Nepal earthquake: American film maker evacuated from Everest base camp

Last Saturday, Mr Michael Churton, 38, felt the ground shift under his tent at Everest Base Camp, at 18,000 feet in the Himalayas.

Rushing out, he and others at the crowded base camp saw a huge plume of snow powder high above them. The avalanche triggered by the earthquake was on them in seconds, sweeping through the middle of base camp. He was buried in it and hit the left side of his face on a rock.

On Monday afternoon, Mr Churton, from Brooklyn, New York, was recovering in the lobby of the Yak and Yeti Hotel in Kathmandu, fresh off a helicopter that evacuated him and other survivors on Monday morning from Gorakshep, usually a one-hour walk down from base camp but in their traumatised condition with many injuries, a three-hour trek for the survivors of the avalanche.
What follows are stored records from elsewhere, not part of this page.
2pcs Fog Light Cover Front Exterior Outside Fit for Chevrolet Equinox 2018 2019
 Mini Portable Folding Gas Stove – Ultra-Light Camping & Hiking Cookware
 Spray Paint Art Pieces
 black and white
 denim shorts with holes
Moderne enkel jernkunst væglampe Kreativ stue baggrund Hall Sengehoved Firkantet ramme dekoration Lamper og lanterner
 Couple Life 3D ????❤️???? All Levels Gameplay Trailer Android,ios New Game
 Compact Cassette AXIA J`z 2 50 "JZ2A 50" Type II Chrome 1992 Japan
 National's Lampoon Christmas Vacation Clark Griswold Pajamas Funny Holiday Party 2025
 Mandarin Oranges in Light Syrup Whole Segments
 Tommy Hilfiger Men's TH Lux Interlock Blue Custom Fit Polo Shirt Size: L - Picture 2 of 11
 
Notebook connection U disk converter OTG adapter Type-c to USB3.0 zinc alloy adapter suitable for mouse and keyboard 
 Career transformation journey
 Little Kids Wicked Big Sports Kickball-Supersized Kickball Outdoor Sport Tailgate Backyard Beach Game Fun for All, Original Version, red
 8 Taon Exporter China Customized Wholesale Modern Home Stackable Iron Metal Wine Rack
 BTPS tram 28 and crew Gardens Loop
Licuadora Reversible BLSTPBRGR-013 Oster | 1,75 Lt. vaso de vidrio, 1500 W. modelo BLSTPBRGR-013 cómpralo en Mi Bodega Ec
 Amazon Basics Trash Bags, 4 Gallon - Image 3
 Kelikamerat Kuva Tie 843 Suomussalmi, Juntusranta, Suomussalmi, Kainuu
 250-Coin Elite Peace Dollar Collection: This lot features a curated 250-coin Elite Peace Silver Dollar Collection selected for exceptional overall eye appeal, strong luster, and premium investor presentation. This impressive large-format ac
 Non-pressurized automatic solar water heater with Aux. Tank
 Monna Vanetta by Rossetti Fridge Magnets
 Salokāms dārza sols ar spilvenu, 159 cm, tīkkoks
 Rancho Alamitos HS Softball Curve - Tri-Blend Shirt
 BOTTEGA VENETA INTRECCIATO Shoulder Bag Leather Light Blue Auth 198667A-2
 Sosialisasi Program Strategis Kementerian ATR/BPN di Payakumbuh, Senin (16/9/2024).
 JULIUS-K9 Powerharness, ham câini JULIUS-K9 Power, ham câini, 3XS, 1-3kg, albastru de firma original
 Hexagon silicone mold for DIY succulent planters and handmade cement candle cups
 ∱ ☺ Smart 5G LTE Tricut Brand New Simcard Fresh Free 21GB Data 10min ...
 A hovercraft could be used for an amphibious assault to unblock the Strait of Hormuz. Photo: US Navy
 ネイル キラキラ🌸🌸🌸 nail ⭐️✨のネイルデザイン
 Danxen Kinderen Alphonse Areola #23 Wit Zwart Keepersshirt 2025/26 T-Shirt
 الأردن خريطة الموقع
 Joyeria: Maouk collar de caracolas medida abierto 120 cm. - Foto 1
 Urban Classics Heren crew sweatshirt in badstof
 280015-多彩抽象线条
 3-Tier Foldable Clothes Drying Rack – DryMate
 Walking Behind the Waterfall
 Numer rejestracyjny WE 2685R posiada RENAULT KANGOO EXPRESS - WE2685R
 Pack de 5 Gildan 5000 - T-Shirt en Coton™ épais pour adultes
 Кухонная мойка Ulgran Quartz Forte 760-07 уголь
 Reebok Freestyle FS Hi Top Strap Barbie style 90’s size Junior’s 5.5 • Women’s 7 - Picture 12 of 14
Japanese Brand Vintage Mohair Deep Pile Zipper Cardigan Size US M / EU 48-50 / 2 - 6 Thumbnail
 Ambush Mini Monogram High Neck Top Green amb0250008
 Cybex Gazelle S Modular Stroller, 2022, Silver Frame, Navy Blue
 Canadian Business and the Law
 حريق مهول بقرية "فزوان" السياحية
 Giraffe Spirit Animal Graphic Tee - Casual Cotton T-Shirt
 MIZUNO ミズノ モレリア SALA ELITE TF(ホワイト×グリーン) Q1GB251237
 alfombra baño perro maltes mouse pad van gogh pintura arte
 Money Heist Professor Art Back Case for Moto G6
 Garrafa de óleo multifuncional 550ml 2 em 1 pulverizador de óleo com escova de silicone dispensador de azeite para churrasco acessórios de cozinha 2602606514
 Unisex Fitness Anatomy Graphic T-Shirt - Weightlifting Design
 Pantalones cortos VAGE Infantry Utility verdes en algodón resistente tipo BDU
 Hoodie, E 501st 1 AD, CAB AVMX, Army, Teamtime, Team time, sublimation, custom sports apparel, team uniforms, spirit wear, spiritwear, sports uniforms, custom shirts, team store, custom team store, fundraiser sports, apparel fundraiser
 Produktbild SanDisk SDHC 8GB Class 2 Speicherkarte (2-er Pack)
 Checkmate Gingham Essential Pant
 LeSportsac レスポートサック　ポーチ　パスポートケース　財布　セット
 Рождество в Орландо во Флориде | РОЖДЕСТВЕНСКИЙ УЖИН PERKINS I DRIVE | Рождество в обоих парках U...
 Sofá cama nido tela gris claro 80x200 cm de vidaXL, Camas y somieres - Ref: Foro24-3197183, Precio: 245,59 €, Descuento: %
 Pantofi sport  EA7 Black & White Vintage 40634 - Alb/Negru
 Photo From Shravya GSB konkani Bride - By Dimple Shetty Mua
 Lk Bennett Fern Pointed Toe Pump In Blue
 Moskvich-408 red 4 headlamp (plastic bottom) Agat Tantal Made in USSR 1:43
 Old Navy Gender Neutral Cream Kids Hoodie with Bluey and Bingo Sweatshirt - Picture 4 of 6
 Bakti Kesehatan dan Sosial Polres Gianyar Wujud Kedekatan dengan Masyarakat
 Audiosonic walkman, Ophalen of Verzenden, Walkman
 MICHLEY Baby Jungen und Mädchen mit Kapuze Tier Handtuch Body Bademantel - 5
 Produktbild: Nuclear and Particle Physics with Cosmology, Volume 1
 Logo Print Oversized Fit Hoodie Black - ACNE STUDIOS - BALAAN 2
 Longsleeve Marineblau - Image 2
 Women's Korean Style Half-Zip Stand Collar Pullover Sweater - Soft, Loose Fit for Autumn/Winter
Speaking to The Straits Times two hours after alighting from the helicopter, he said he was filming a climb at the peak when the avalanche struck, destroying the middle of the camp.

An estimated 100 climbers, who were up at camps 1 and 2, survived unscathed, but were stranded there.

But a female doctor in their team at base camp was still missing.

The hotel had run out of rooms to accommodate groups of mountaineers and swarms of foreign media. The climbers were camped in the lobby, waiting for news on how to get home.